### What you will do
Beginning at the line that contains "Aviator Sunglasses for", reproduce the entries below exactly, ending with the line that contains "Men's Handmade Hemp". Omit each picture.

### Material for this task
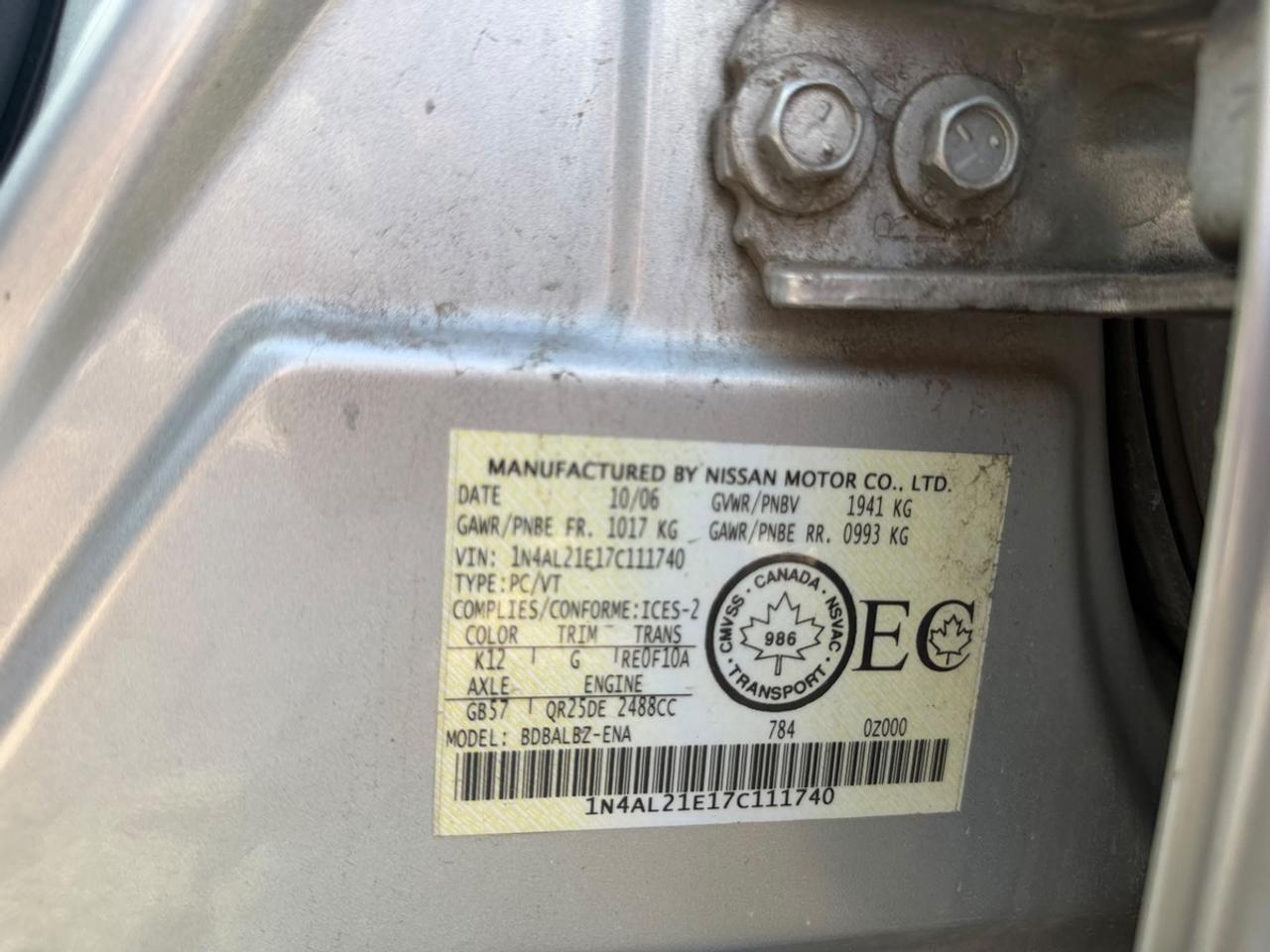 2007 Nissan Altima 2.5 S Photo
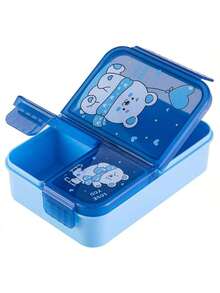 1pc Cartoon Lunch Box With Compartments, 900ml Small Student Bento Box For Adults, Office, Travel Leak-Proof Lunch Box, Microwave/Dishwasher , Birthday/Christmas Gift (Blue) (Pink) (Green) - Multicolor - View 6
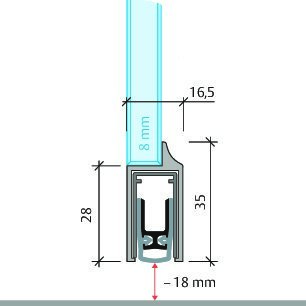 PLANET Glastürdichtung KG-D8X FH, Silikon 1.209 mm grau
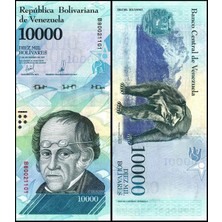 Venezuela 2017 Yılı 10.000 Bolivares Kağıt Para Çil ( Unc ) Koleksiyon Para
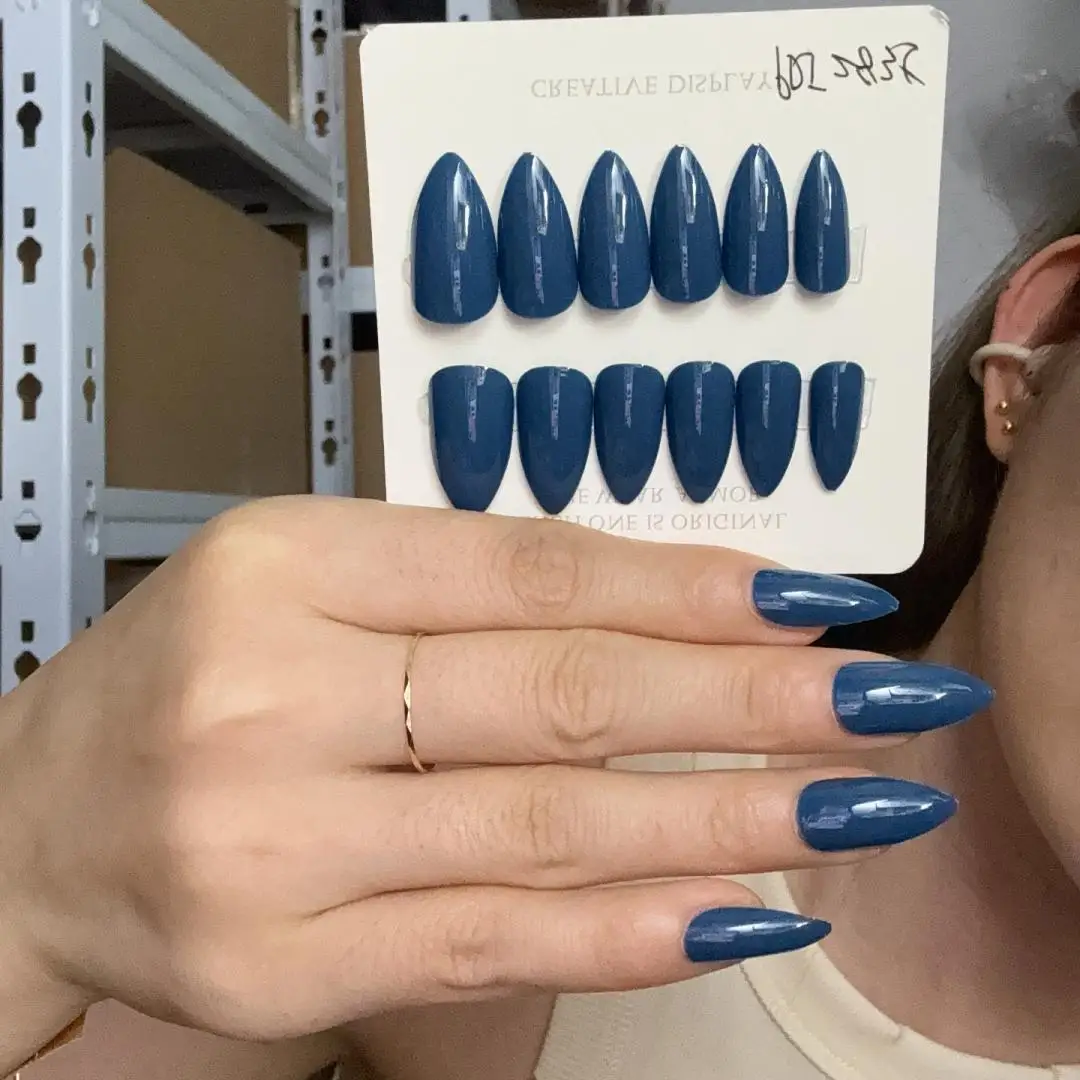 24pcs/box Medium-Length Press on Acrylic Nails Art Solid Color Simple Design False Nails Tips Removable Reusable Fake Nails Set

* * *

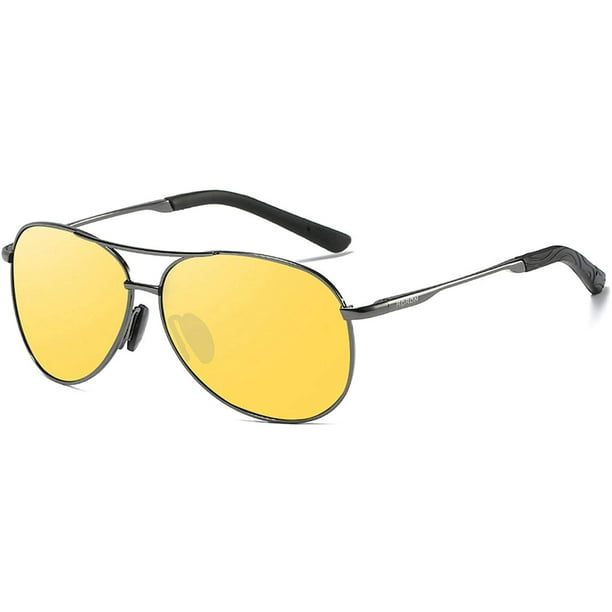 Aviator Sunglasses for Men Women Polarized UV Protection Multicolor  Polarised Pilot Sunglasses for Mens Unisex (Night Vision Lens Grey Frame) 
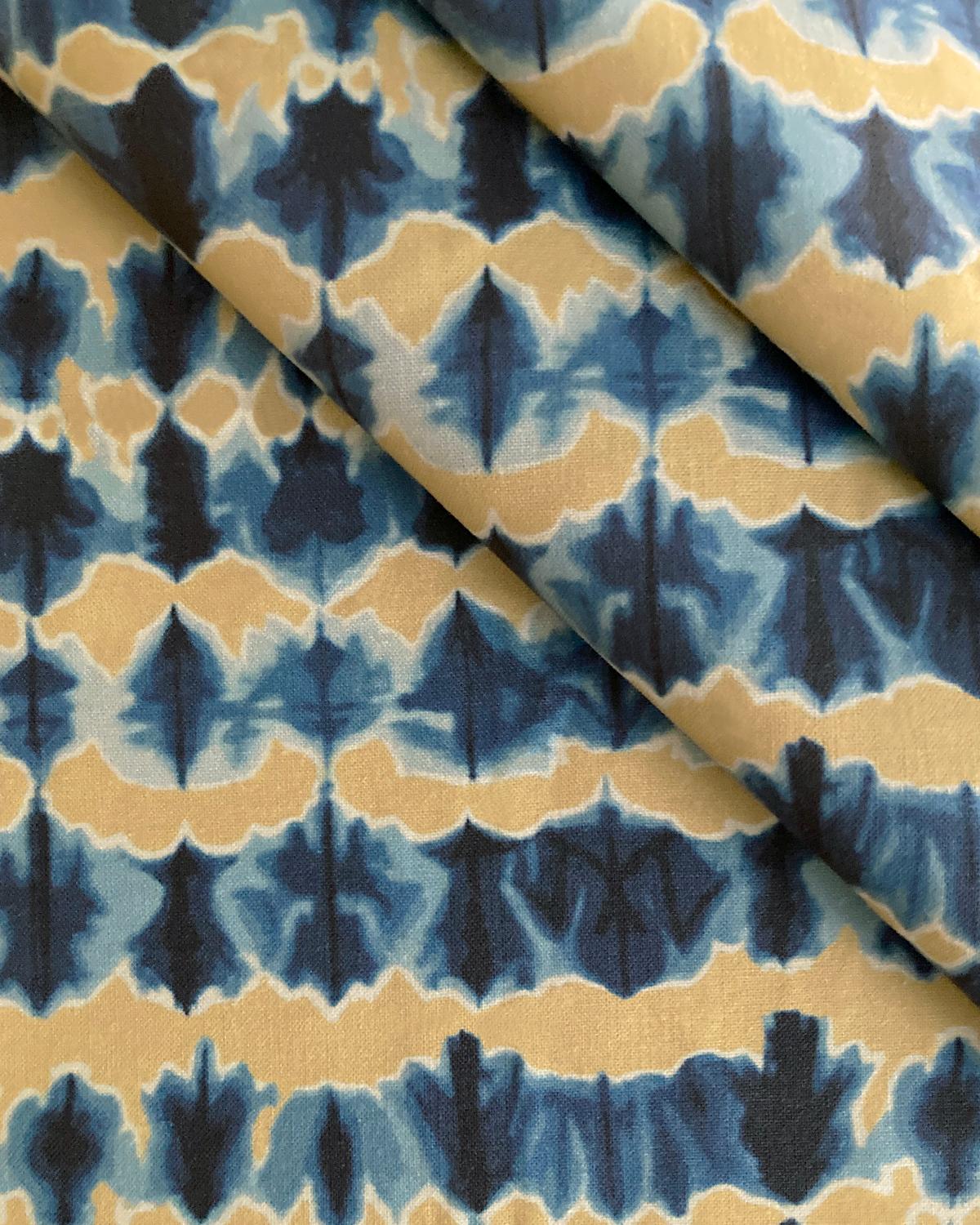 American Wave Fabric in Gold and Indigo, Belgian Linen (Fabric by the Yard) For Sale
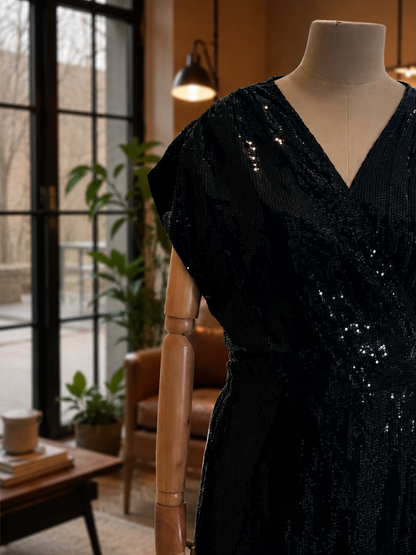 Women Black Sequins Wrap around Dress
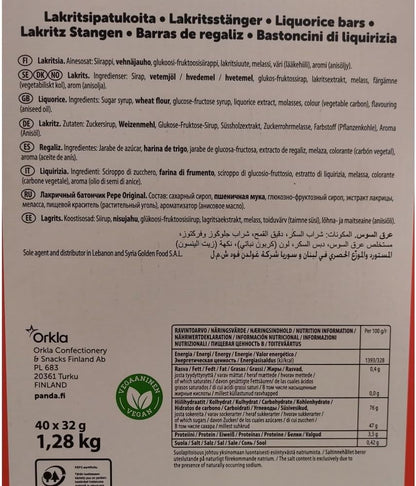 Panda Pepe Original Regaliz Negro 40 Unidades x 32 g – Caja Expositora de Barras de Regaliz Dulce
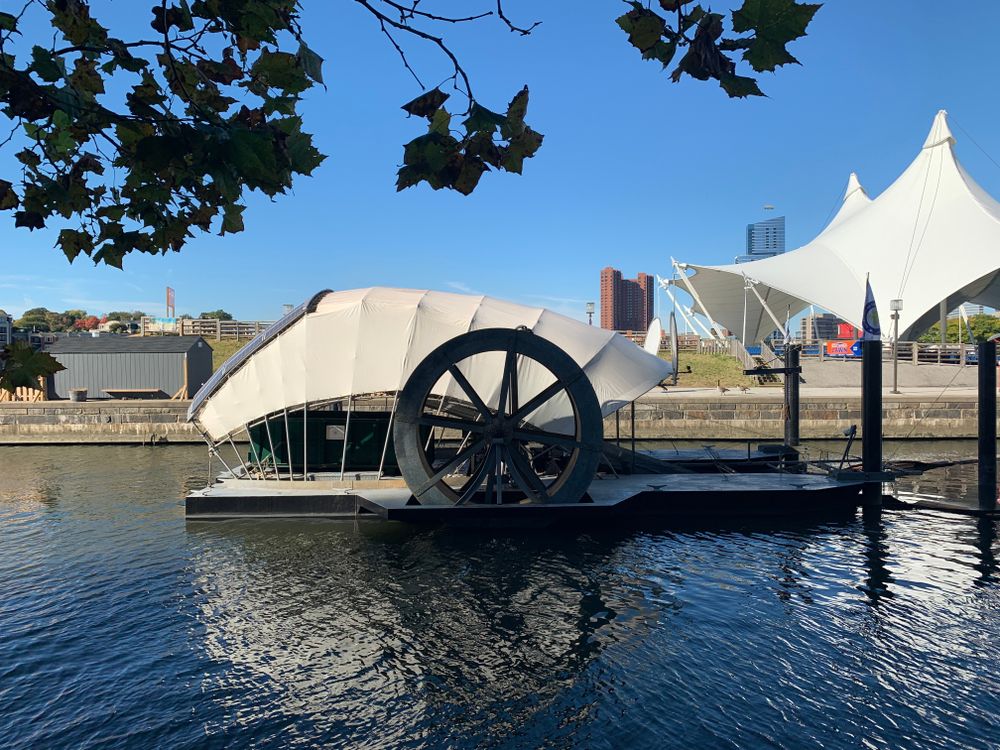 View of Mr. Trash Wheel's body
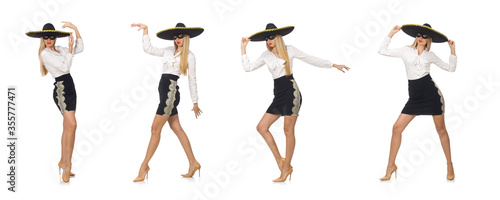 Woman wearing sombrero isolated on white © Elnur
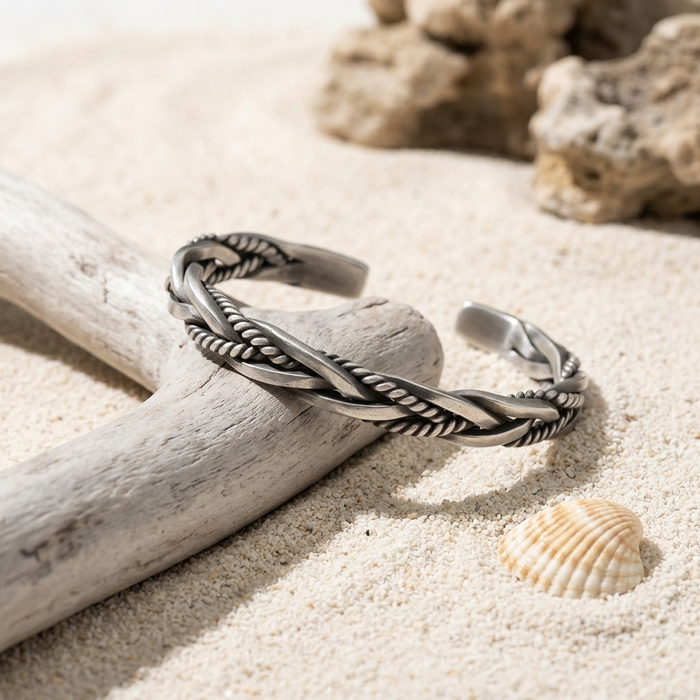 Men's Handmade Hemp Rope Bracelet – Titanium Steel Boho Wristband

### Result below
 Aviator Sunglasses for Men Women Polarized UV Protection Multicolor  Polarised Pilot Sunglasses for Mens Unisex (Night Vision Lens Grey Frame) 
 American Wave Fabric in Gold and Indigo, Belgian Linen (Fabric by the Yard) For Sale
 Women Black Sequins Wrap around Dress
 Panda Pepe Original Regaliz Negro 40 Unidades x 32 g – Caja Expositora de Barras de Regaliz Dulce
 View of Mr. Trash Wheel's body
 Woman wearing sombrero isolated on white © Elnur
 Men's Handmade Hemp Rope Bracelet – Titanium Steel Boho Wristband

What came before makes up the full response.